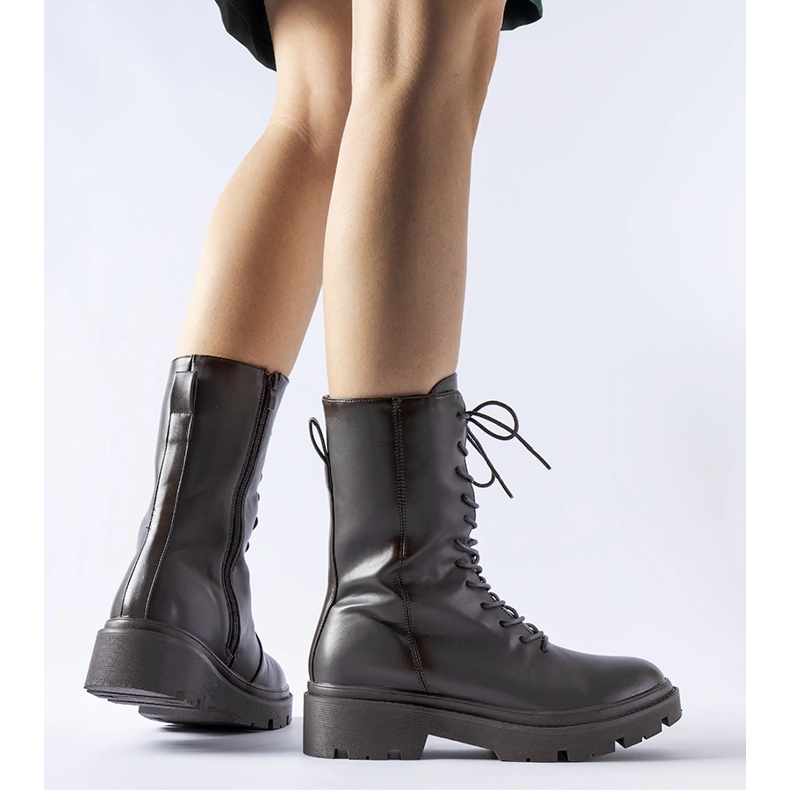 Grå Michel arbetsstövlar med snörning 1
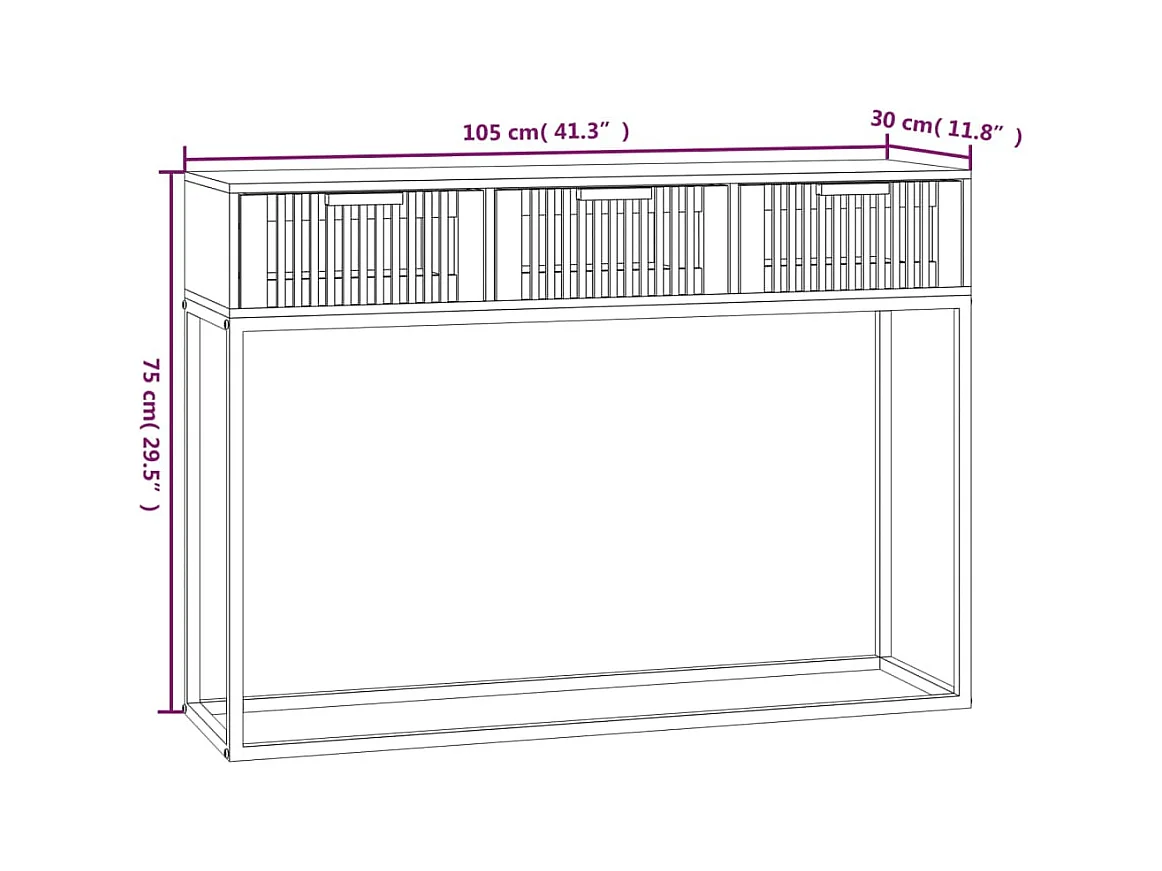 Mesa consola hierro y madera contrachapada blanco 105x30x75 cm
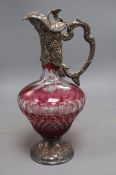 A modern silver mounted ruby flash cut glass claret jug, Da-mar Silverware, London, 1976, 32cm.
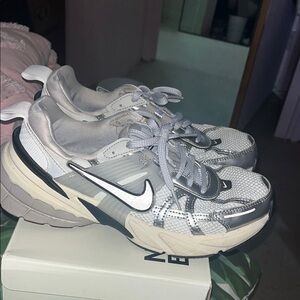 Nike Silver and Cream Athletic Shoes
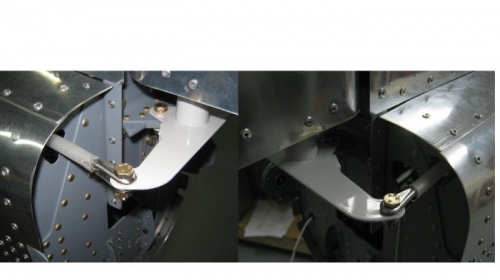 Securing the rudder cables to the rudder horn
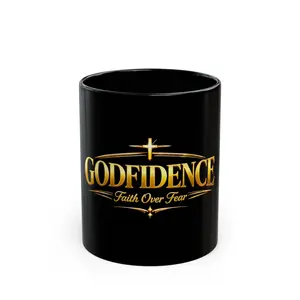 Godfidence Black Mug Faith Over Fear Christian Coffee Mug Inspirational Religious Gift Ceramic Cup 11oz 15oz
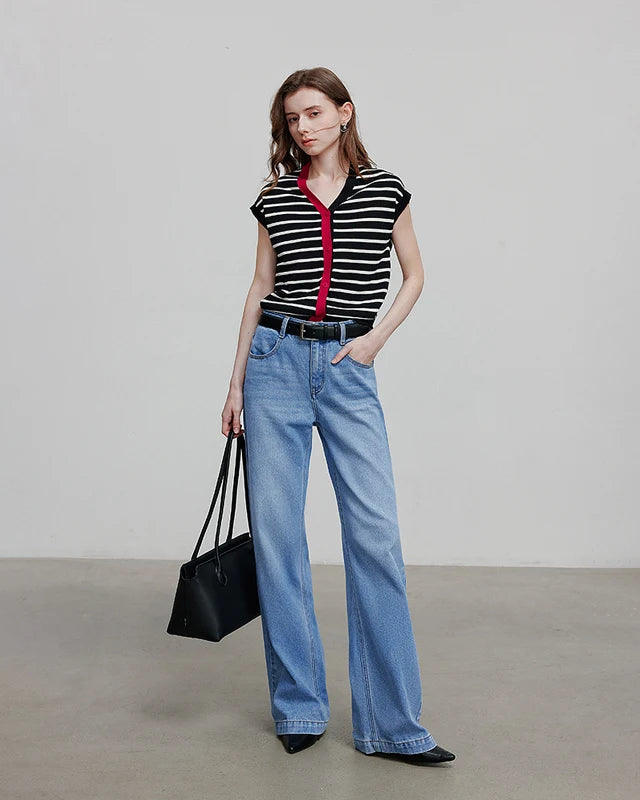 Striped Contrast V-Neck Knit Sleeveless Top
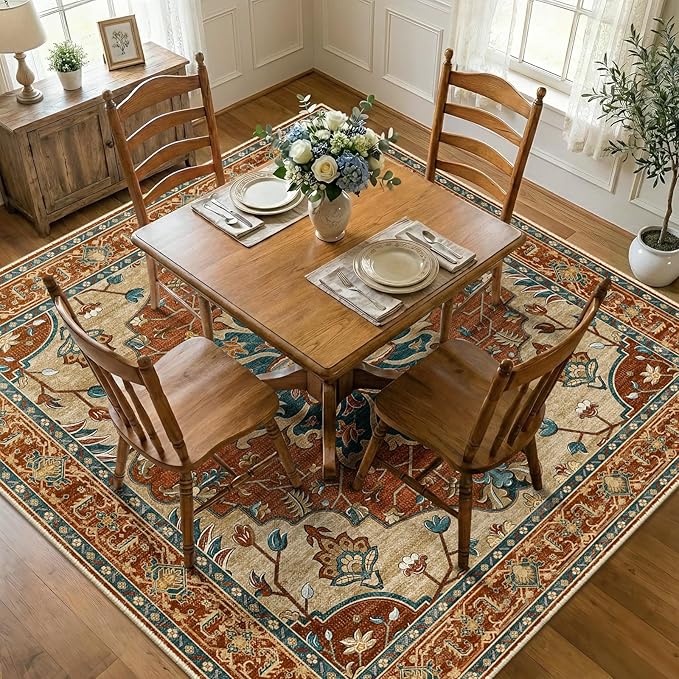 RELEANY Area Rugs Square 7ft Washable Non-Slip, Floral Vintage Distress by RELEANY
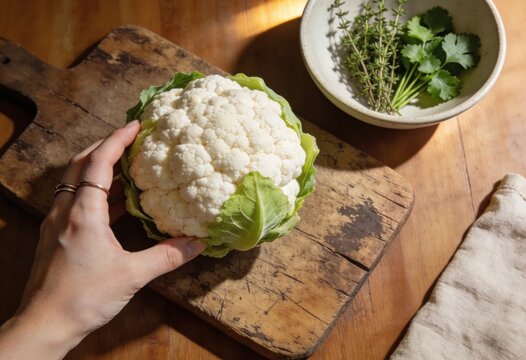 Hand touching fresh organic cauliflower on a rustic wooden board in sunny kitchen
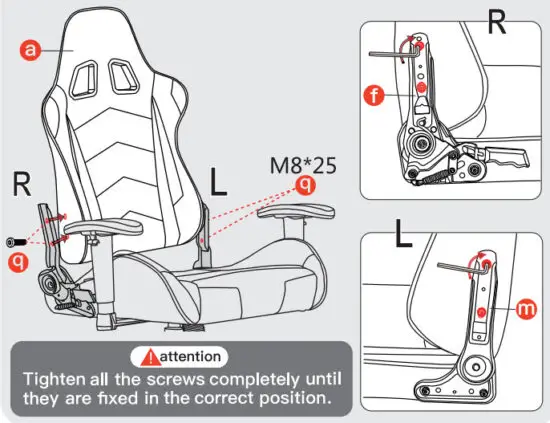 GTPLAYER GT002 Adjustable Gaming Chair - chair of installation 6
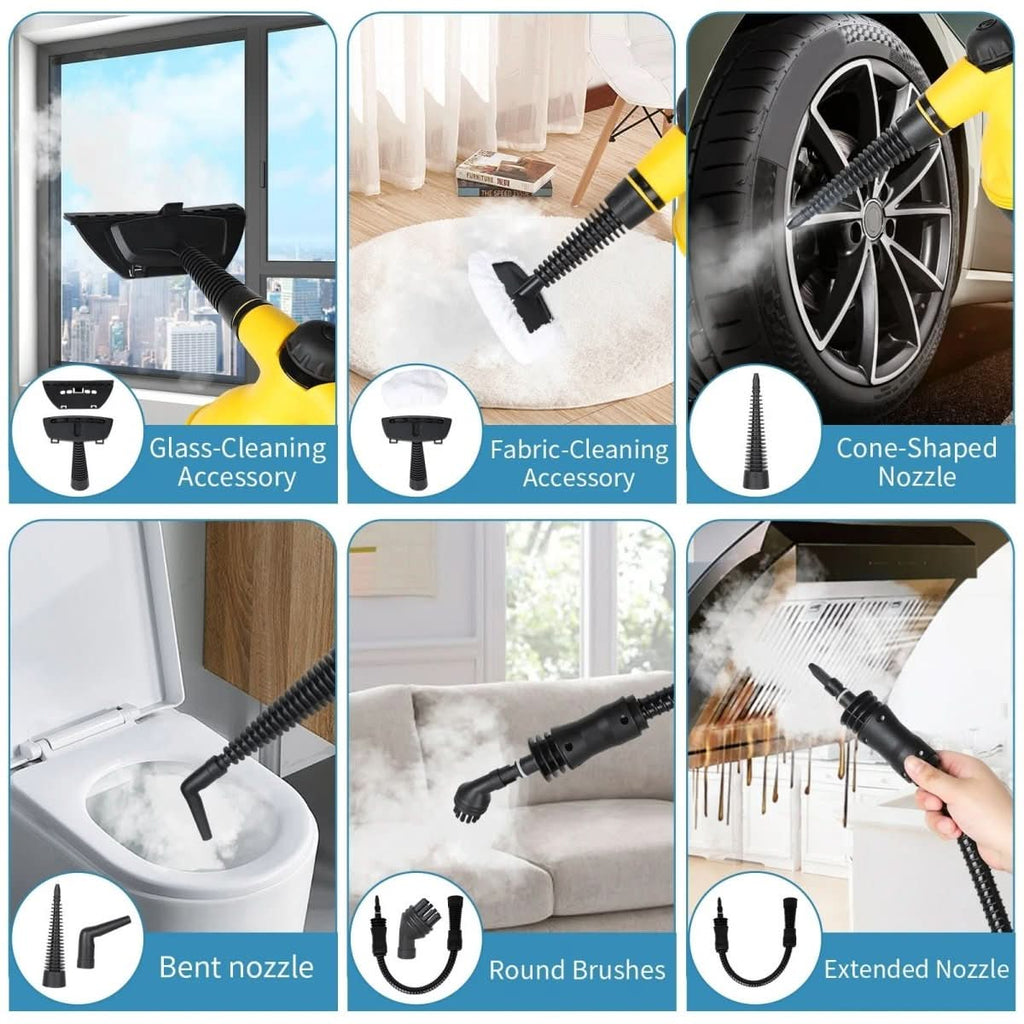 No Chemicals All In One Steam Cleaner With 8 Attachments For Home Clothes And Windows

+ + + +

EXERCISE DETAILS - Pictures are to be omitted; otherwise, every line from the first line of the listing through the line containing "Securing the rudder" must be reproduced exactly, both ends included.

EXPECTED OUTPUT -
 Grå Michel arbetsstövlar med snörning 1
 Mesa consola hierro y madera contrachapada blanco 105x30x75 cm
 A modern silver mounted ruby flash cut glass claret jug, Da-mar Silverware, London, 1976, 32cm.
 Nike Silver and Cream Athletic Shoes
 Securing the rudder cables to the rudder horn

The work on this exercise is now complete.